## [Exercise goal]
Retype exactly the lines from the one containing "Задняя сторона обложки набора." through the last line of the records below, including both, and leave out any pictures.

## [Data section]
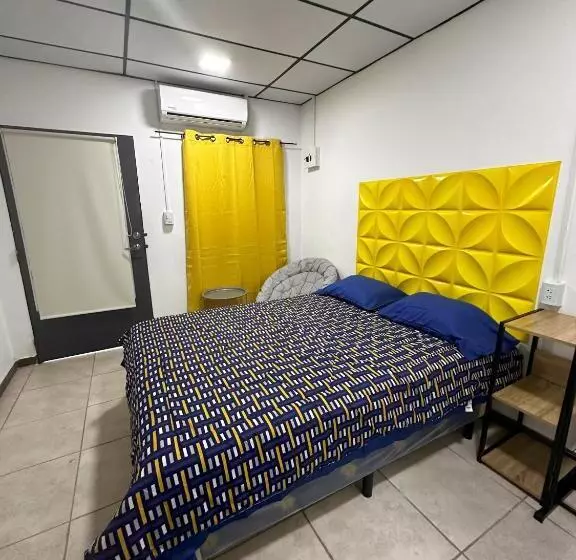 پانسیون Casa Mia 901sm, Habitación 1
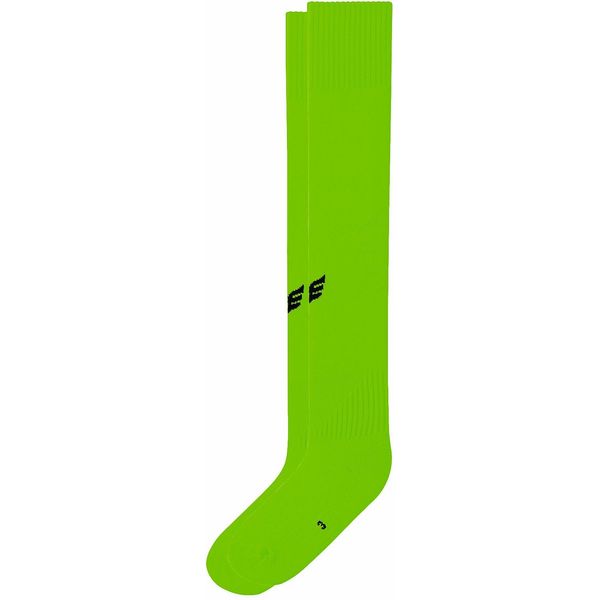 Erima Logo Chaussettes De Football - Green Gecko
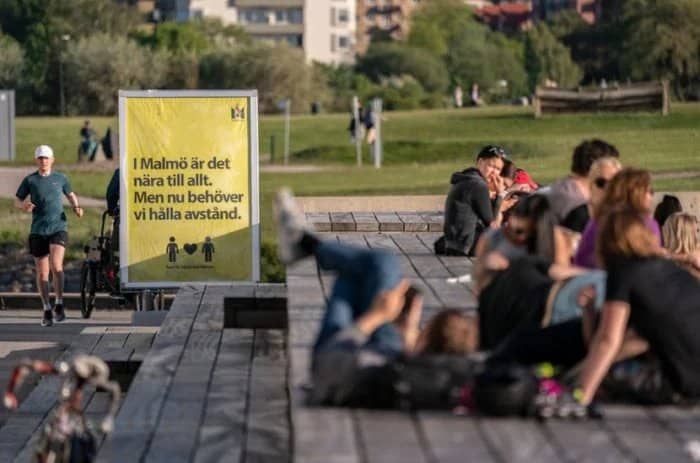 Шведска укида готово све епидемиолошке мере против короне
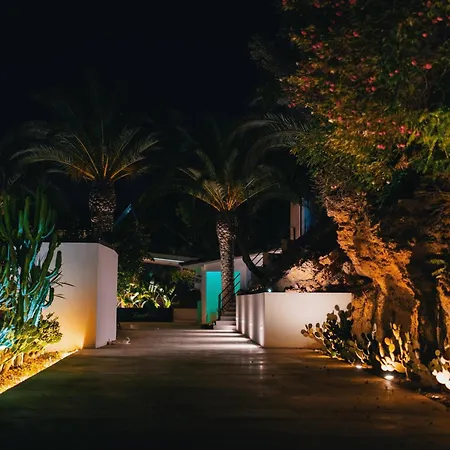 住宿加早餐酒店 Emesh Boutique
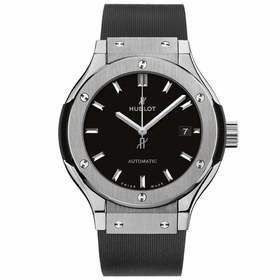 Hublot 582.NX.1170.RX Classic Fusion Ladies Automatic Watch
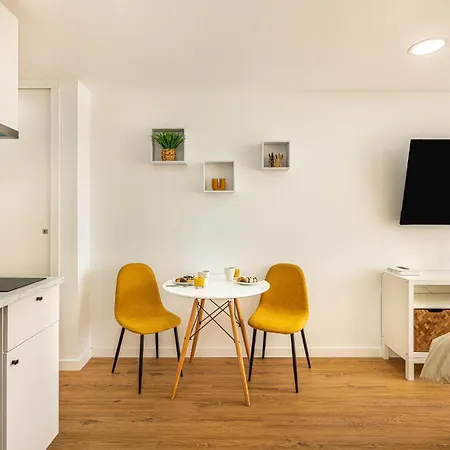 Ocean Vista Ponderosa Ii 公寓 阿德耶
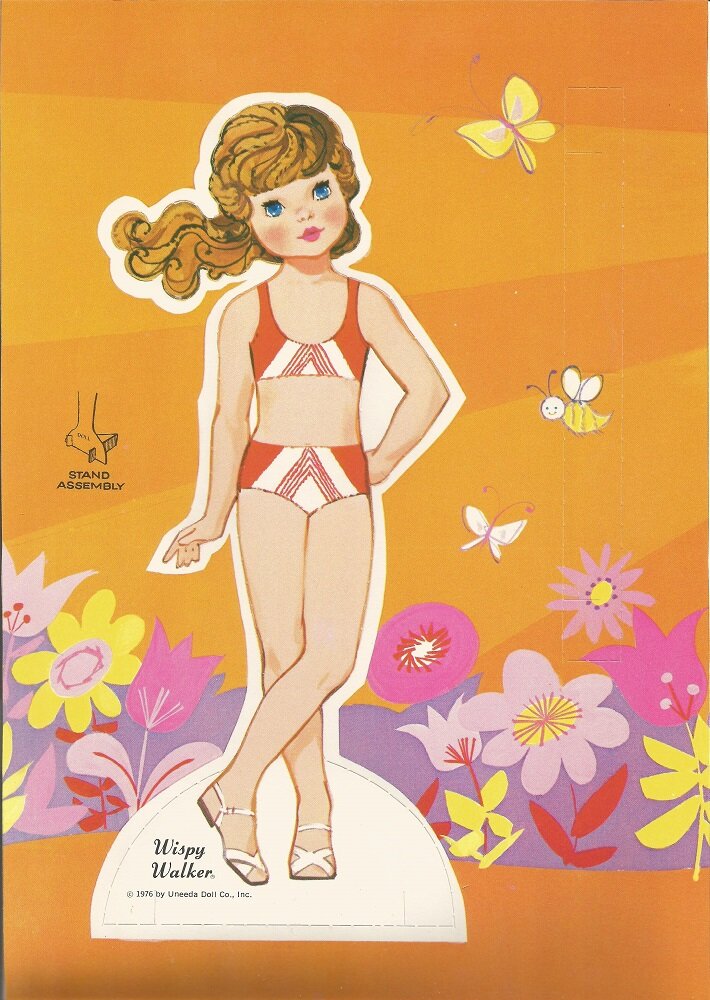 Задняя сторона обложки набора.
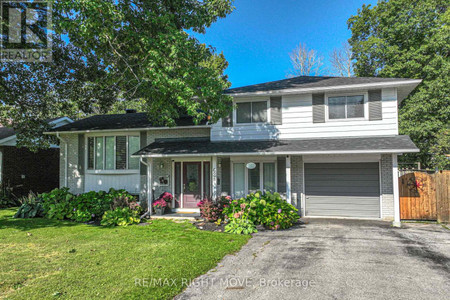 628 Broadview Avenue, Orillia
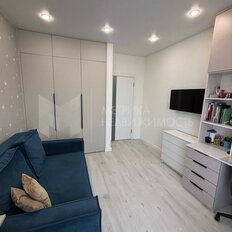 Квартира 54,5 м², 2-комнатная - изображение 3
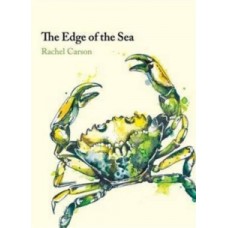 The Edge of the Sea - Rachel Carson 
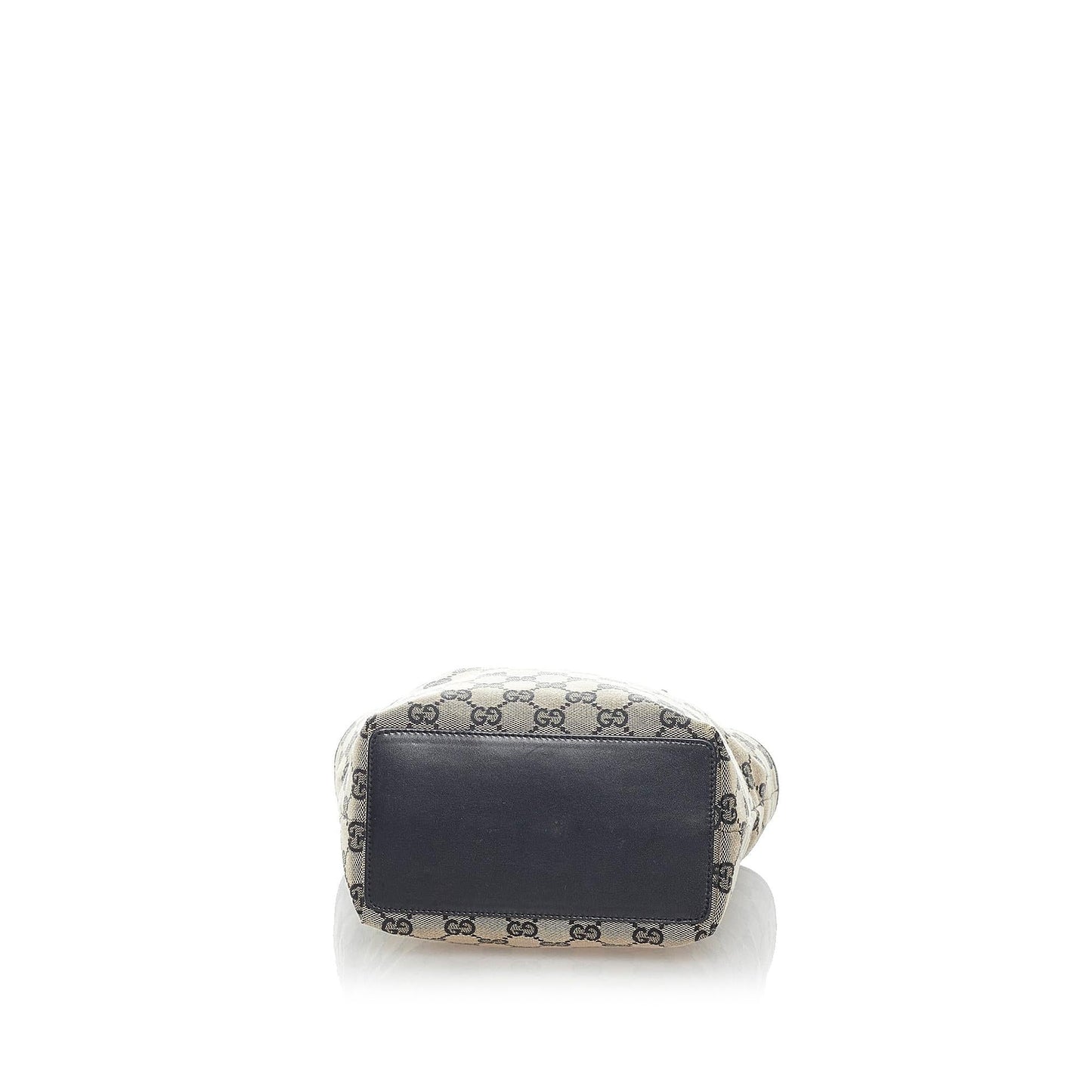 Gucci GG Canvas Shoulder Bag (SHG-31598)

## [The completed task]
 Задняя сторона обложки набора.
 628 Broadview Avenue, Orillia
 Квартира 54,5 м², 2-комнатная - изображение 3
 The Edge of the Sea - Rachel Carson 
 Gucci GG Canvas Shoulder Bag (SHG-31598)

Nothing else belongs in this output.